Give the records again, every one, exactly.
■ ■ ■ ■ ■ ■ ■
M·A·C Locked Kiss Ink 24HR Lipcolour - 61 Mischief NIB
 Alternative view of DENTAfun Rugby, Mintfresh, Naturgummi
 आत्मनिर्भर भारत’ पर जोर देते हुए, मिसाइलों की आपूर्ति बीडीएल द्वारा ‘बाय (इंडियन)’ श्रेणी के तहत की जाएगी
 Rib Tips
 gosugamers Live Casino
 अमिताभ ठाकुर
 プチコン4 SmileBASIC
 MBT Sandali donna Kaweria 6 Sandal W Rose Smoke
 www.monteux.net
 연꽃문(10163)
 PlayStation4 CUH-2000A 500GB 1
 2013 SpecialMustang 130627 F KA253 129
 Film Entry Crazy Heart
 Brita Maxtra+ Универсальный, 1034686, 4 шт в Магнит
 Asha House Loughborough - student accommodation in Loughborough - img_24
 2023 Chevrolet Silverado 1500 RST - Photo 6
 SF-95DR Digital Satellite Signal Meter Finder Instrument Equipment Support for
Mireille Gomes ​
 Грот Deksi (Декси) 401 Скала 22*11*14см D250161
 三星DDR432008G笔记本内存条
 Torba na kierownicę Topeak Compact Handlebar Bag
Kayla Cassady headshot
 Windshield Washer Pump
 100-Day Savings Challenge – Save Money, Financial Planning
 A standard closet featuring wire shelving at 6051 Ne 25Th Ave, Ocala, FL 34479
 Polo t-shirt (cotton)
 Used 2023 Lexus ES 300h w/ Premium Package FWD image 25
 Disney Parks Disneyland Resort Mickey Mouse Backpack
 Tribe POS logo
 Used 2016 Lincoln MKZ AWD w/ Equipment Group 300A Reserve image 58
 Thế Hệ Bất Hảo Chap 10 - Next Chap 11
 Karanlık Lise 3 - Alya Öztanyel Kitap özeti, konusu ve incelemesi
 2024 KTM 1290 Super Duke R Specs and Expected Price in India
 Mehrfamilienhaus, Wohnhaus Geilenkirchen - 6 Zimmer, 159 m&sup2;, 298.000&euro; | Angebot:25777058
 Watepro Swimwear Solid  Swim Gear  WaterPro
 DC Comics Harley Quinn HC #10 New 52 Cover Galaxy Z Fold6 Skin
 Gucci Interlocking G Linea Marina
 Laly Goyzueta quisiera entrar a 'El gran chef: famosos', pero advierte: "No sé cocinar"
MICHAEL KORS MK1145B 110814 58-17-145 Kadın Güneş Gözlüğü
■ ■ ■ ■ ■ ■ ■
# RESPONSE TO THIS TASK:
M·A·C Locked Kiss Ink 24HR Lipcolour - 61 Mischief NIB
 Alternative view of DENTAfun Rugby, Mintfresh, Naturgummi
 आत्मनिर्भर भारत’ पर जोर देते हुए, मिसाइलों की आपूर्ति बीडीएल द्वारा ‘बाय (इंडियन)’ श्रेणी के तहत की जाएगी
 Rib Tips
 gosugamers Live Casino
 अमिताभ ठाकुर
 プチコン4 SmileBASIC
 MBT Sandali donna Kaweria 6 Sandal W Rose Smoke
 www.monteux.net
 연꽃문(10163)
 PlayStation4 CUH-2000A 500GB 1
 2013 SpecialMustang 130627 F KA253 129
 Film Entry Crazy Heart
 Brita Maxtra+ Универсальный, 1034686, 4 шт в Магнит
 Asha House Loughborough - student accommodation in Loughborough - img_24
 2023 Chevrolet Silverado 1500 RST - Photo 6
 SF-95DR Digital Satellite Signal Meter Finder Instrument Equipment Support for
Mireille Gomes ​
 Грот Deksi (Декси) 401 Скала 22*11*14см D250161
 三星DDR432008G笔记本内存条
 Torba na kierownicę Topeak Compact Handlebar Bag
Kayla Cassady headshot
 Windshield Washer Pump
 100-Day Savings Challenge – Save Money, Financial Planning
 A standard closet featuring wire shelving at 6051 Ne 25Th Ave, Ocala, FL 34479
 Polo t-shirt (cotton)
 Used 2023 Lexus ES 300h w/ Premium Package FWD image 25
 Disney Parks Disneyland Resort Mickey Mouse Backpack
 Tribe POS logo
 Used 2016 Lincoln MKZ AWD w/ Equipment Group 300A Reserve image 58
 Thế Hệ Bất Hảo Chap 10 - Next Chap 11
 Karanlık Lise 3 - Alya Öztanyel Kitap özeti, konusu ve incelemesi
 2024 KTM 1290 Super Duke R Specs and Expected Price in India
 Mehrfamilienhaus, Wohnhaus Geilenkirchen - 6 Zimmer, 159 m&sup2;, 298.000&euro; | Angebot:25777058
 Watepro Swimwear Solid  Swim Gear  WaterPro
 DC Comics Harley Quinn HC #10 New 52 Cover Galaxy Z Fold6 Skin
 Gucci Interlocking G Linea Marina
 Laly Goyzueta quisiera entrar a 'El gran chef: famosos', pero advierte: "No sé cocinar"
MICHAEL KORS MK1145B 110814 58-17-145 Kadın Güneş Gözlüğü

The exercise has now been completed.